The Whole-Tone Pentatonic Scale

This is a sound that (if memory serves) I first noticed when transcribing John Coltrane's solo on "I Hear A Rhapsody" from his 1957 album "Lush Life."  I don't think I've ever come across anyone discussing this particular scale, so I refer  to it as "Whole-Tone Pentatonic," because that's how I think of it: a pentatonic scale with a whole-tone sound.  I was recently reminded of this while learning Coltrane's solo on "Mr.
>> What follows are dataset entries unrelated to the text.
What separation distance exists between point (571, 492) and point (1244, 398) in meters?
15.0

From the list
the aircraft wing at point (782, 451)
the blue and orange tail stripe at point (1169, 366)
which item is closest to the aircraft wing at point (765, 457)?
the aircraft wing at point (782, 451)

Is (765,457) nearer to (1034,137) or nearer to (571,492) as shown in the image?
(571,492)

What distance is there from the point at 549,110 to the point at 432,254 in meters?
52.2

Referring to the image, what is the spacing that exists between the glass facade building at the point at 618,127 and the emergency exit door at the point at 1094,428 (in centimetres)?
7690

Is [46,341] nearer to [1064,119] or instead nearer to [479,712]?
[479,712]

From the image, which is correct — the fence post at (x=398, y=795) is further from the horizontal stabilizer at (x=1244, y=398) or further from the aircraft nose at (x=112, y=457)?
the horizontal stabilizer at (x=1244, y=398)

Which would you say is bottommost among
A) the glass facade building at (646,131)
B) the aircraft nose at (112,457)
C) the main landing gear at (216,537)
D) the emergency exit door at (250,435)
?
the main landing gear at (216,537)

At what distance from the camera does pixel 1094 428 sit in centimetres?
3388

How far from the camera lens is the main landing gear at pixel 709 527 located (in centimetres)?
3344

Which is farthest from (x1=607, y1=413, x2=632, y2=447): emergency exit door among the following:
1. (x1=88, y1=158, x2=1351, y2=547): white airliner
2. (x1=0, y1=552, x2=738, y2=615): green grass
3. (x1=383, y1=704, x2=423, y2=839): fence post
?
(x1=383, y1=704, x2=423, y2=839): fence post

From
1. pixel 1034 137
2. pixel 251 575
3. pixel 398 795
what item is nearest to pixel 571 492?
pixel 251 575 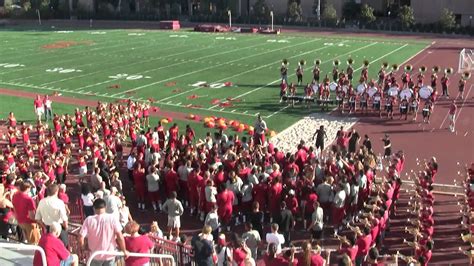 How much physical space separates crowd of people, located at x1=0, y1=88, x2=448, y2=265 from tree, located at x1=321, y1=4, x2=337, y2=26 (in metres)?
48.2

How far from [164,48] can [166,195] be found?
31.6 m

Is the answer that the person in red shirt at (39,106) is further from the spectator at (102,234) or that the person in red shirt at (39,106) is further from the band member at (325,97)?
the spectator at (102,234)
P.C." (from Giant Steps).

I've always been simultaneously intrigued by the whole-tone scale and somewhat mystified by its apparent musical "sameness."  This is possibly partly because one of the first jazz musicians who really fascinated me was Thelonious Monk, well-known for his use of the whole-tone scale.  And it's probably no coincidence that John Coltrane played with Monk at a formative stage in his development.  And yet, the whole-tone scale is not usually explored or developed as much as other sounds (at least in my experience), and treated more as a special effect or one-off sound to be used occasionally.   I touched on ways to expand its use a little previously in this old post, but this pentatonic really opens up some different possibilities.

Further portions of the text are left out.